It’s on my list … for tomorrow.

I am a great procrastinator. Like one of the best to ever live. I don’t procrastinate all the time and there are definitely things (and times) that I am dead serious about getting done right away, but then there are other things that I can’t seem to force myself to do no matter how much I tell myself that I need to do it. Take for example, I have been telling myself that I need to clean out my coffee cup cabinet since the first day of spring (it made my spring cleaning “to do” list), but I still haven’t done it. I know why I don’t get it done. I only have about 50 coffee cups in there and I don’t like having to get rid of any of them. I actually have a few drinking glasses and some water bottles and some pint glasses up there, too (we don’t really use too many drinking glasses, just mostly coffee cups), and it’s ridiculously crowded, with cups stacked, just waiting for someone to open the cabinet door to topple out onto the floor and break. It’s an “enter at your own risk” cabinet which I probably should have guests sign a waiver for when they enter my home. Yeah, kinda dangerous, and I know I need to get it straightened out, but here I am dragging my feet.
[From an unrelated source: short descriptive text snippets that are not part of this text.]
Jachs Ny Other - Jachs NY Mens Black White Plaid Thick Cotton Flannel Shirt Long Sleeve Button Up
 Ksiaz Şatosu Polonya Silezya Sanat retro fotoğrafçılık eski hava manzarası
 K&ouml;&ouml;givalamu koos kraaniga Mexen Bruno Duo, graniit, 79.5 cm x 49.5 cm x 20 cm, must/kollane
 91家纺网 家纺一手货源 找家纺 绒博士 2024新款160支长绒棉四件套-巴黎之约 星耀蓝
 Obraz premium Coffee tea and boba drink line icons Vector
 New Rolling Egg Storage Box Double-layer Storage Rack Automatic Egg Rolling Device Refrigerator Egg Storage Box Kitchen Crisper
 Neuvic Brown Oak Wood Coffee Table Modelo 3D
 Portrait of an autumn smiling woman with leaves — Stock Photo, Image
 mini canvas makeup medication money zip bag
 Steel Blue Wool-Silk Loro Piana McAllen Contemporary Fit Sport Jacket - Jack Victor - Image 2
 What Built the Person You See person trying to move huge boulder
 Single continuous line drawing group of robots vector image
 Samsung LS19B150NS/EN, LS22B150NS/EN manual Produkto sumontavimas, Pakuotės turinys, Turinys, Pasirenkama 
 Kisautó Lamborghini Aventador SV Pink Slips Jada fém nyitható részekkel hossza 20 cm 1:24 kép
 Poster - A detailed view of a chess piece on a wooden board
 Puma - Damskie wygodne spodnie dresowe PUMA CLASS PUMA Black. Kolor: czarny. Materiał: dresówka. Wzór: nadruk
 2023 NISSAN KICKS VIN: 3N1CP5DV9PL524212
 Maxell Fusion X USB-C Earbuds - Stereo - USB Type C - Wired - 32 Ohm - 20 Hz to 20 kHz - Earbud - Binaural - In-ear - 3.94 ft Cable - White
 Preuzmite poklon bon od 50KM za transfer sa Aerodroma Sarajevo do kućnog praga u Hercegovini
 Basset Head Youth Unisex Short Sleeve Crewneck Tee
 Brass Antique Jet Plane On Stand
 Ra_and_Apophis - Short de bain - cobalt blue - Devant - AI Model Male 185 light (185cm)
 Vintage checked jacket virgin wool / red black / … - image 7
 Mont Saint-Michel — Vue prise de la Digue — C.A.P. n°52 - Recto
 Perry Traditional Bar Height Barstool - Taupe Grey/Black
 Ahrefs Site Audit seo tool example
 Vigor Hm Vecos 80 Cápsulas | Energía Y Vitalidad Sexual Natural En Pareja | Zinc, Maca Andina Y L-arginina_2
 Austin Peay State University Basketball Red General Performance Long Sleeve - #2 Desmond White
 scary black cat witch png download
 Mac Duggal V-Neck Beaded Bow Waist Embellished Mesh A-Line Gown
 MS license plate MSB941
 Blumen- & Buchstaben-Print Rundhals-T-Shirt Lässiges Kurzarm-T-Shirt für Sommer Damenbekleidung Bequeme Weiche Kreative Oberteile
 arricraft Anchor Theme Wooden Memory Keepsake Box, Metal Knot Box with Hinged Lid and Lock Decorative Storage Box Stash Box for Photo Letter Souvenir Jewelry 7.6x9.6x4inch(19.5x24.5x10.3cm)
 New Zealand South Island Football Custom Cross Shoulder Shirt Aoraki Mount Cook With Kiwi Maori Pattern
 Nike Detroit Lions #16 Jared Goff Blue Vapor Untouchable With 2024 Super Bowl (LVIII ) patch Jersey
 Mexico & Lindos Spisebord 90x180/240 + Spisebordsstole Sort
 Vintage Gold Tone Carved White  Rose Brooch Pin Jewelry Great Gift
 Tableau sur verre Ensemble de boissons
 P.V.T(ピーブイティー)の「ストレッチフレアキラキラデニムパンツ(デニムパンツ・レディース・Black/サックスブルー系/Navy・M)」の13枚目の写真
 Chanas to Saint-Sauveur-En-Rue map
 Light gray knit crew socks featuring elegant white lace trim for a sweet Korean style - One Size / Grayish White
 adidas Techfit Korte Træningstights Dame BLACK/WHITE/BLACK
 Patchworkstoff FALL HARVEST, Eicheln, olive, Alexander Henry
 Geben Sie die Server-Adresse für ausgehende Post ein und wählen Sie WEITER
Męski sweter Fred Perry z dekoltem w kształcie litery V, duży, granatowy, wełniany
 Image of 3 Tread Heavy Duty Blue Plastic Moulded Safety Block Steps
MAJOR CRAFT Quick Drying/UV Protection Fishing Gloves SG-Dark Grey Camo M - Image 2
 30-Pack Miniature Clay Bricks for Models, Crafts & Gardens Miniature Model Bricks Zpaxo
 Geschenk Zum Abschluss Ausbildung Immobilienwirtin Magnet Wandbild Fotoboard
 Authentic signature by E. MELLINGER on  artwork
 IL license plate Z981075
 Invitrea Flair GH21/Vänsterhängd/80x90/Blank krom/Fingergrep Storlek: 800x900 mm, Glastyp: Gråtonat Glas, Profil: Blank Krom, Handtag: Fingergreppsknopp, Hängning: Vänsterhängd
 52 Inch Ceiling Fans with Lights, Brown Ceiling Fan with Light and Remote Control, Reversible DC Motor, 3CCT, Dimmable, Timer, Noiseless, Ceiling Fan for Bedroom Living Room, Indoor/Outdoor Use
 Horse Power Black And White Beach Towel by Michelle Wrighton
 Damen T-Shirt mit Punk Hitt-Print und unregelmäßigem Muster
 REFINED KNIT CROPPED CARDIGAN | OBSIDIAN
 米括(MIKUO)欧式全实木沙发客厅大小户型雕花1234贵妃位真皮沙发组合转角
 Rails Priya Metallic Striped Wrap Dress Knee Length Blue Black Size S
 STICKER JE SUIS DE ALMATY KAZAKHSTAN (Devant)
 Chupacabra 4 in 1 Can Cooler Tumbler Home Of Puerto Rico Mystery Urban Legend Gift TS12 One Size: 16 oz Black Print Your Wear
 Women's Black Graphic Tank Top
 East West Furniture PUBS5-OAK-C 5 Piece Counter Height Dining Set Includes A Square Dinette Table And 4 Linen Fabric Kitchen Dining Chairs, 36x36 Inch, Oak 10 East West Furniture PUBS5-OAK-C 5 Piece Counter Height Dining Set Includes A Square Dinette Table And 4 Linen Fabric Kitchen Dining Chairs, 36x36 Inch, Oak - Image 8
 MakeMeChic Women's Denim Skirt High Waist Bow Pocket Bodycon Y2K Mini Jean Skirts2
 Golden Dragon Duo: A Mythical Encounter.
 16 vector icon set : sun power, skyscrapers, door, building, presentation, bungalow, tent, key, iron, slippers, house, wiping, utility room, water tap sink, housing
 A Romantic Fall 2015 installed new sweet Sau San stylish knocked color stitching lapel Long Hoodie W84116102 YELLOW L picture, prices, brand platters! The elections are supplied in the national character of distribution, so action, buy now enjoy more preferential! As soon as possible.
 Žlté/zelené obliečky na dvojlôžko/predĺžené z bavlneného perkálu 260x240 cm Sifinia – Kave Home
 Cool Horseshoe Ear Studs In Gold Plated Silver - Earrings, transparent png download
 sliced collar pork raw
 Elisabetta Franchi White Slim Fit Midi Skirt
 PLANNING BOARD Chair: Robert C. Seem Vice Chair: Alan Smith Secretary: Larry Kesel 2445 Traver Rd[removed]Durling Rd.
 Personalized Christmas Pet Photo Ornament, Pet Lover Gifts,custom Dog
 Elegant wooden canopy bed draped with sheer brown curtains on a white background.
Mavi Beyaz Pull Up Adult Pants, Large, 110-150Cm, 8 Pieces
I just don’t want to have to sort through my coffee cups and pass judgment on them. I mean, who wants to be the one to decide that this one is worthy of space in my cabinet, while that one doesn’t have enough sentimental value. I feel massive guilt, since a majority have been gifted to me, some of which I love because they are physically attractive, while others I love simply because the gift bearer thought I would love it. So, how do I choose? Well, I guess I don’t have to today. My good friend procrastination can keep me from having to make those painful decisions for a while longer.